After 20 years at Neville Chemical Company, Denise Butler ‘95 M’03 knows every unit, tank, and production process of the plant that backdrops her office.
The company’s new chief executive officer and president also knows a lot about the 150 employees, many of whom have been there longer than she has. Some of them even trained her. “We’ve seen each other grow up and grow older,” says Butler. “I feel as the CEO of the company, I’m more vested in the stakeholders of Neville Chemical for having that long-term tenure here.”
Butler joined the company, which produces hydrocarbon resins used in adhesives, concrete cure, inks, and rubber, as an accounts payable clerk in 1997. Although she had excelled at science while a student at Moon Area High School, for college Butler decided accounting and finance were her stronger calling. Her career has been at a place that combines both her business knowledge and science interest. On the job, she has worked to understand the company’s processes and still enjoys walking through the plant. “There’s something tangible there,” she says. “You can see what you are doing and selling every day, and that really is gratifying.”

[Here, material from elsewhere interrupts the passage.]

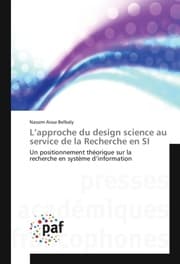Cover von Lapproche du design science au service de la Recherche en SI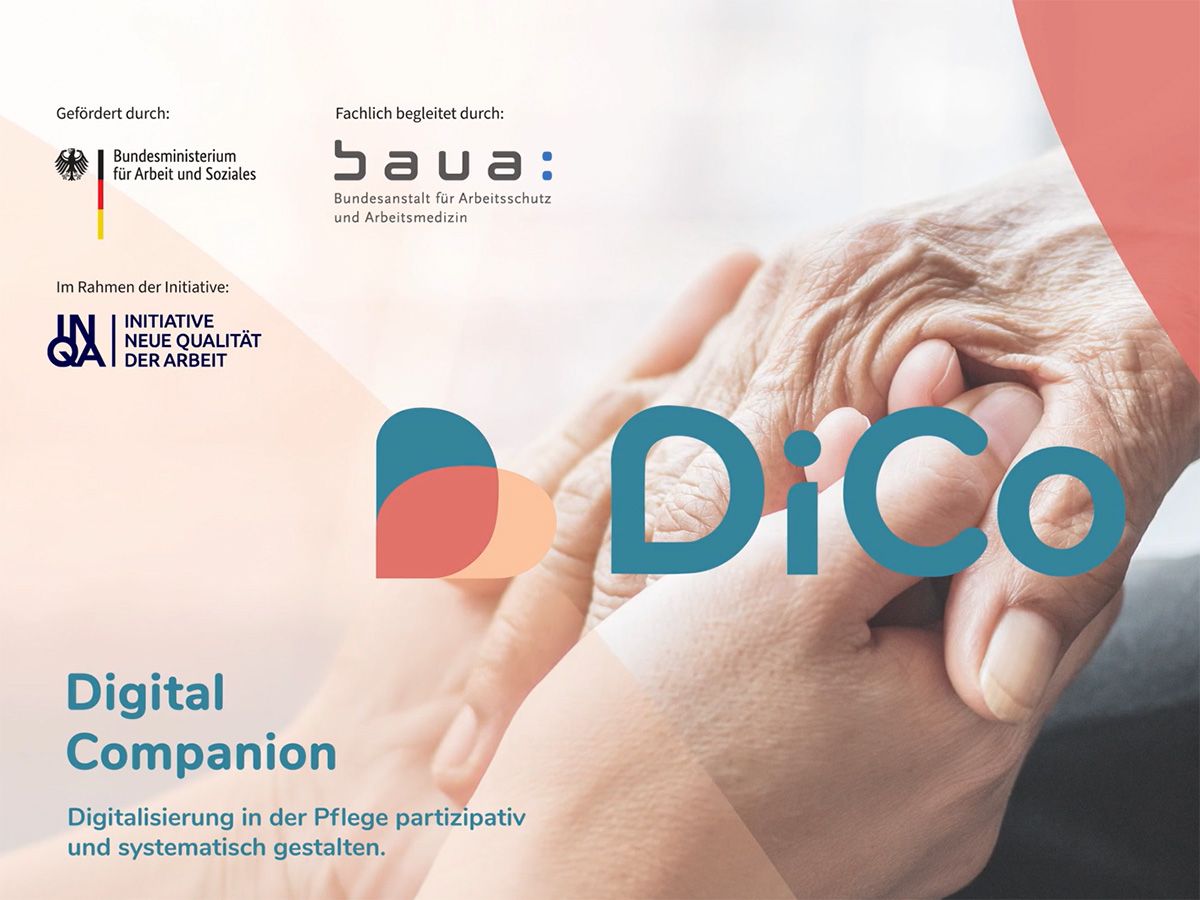 DiCo im Einsatz bei Pflegeeinrichtungen - Film ab für Stimmen aus der Praxis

In 2002, Butler left the company to pursue a management opportunity, joining ServiceLink, a Beaver County mortgage services company, as director of accounting. While there, she returned to her alma mater to earn her M.B.A. “I think I grew exponentially during that period of time,” Butler says. Then a call came from Neville Chemical about an assistant controller position in 2005, and she returned. After that, it was a swift and steady climb through the ranks.

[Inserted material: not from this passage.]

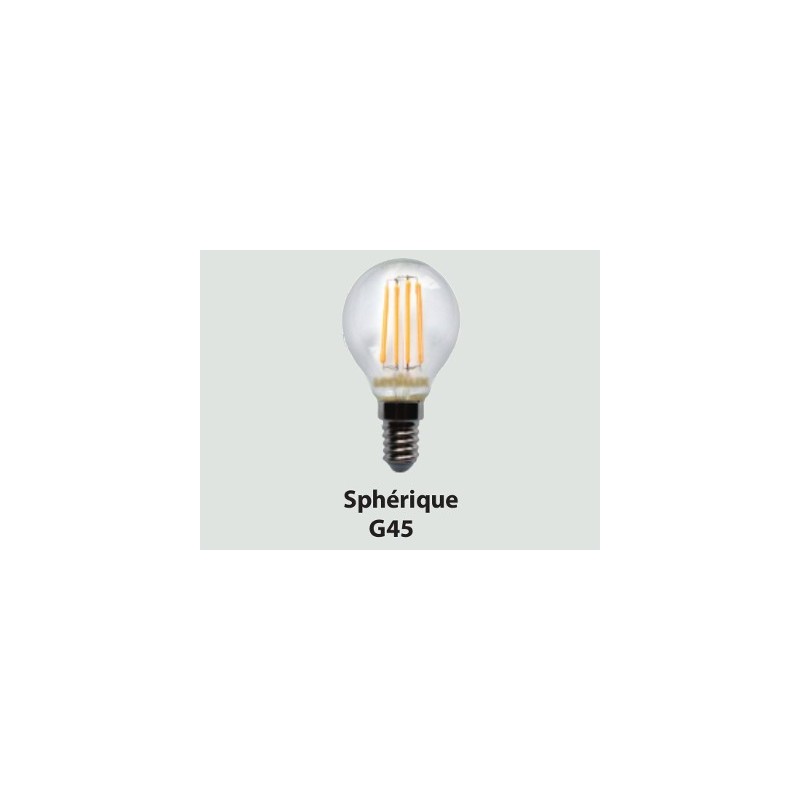 LED klassieke BOLVORMIGE 2W ( 20W )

Butler was named chief financial officer at Neville Chemical in 2008 at the age of 35. With nearly half her career still ahead, she began conversations with the top officers about someday running the company. Her role expanded more deeply into leadership as she was named to the boards of Neville Chemical and of a European subsidiary, and put in charge of the subsidiary’s financial department. She participated in contract negotiations with the plant’s labor union, the United Steelworkers, four times. She worked closely on joint ventures and became the company’s risk manager, helping Neville Chemical weather the movement to Asia of supplies of the raw feed materials needed for its products, as well as rising competition from foreign imports. In 2017, chief operating officer was added to her title. This January, she became CEO and president.

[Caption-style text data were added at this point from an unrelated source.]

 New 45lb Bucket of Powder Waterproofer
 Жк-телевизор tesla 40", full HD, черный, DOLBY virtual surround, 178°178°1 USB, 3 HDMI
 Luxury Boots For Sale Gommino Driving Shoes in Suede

Throughout her career, Butler says her RMU studies have benefited her in many ways, including one aspect that she didn’t especially like at the time — the group project. “I hated having to compromise and rely on someone else and set your schedule around other people,” she admits. “But my career has been one group project. They really were setting me up for what the next 20 years would be like.”
Butler, a member of the Delta Zeta sorority as an undergrad, was at RMU working on her graduate degree when she started dating her future husband, Matt Williams ‘03. With her encouragement, he enrolled in night classes and completed his logistics degree. After they got engaged, they held their rehearsal dinner in a room at the old Sewall Center. “We thought it was a beautiful room and great place to have our friends and family,” she says, “and get to show them the campus too.” They enjoy traveling, skiing, and boating, and this year the couple attended their 15th Indianapolis 500.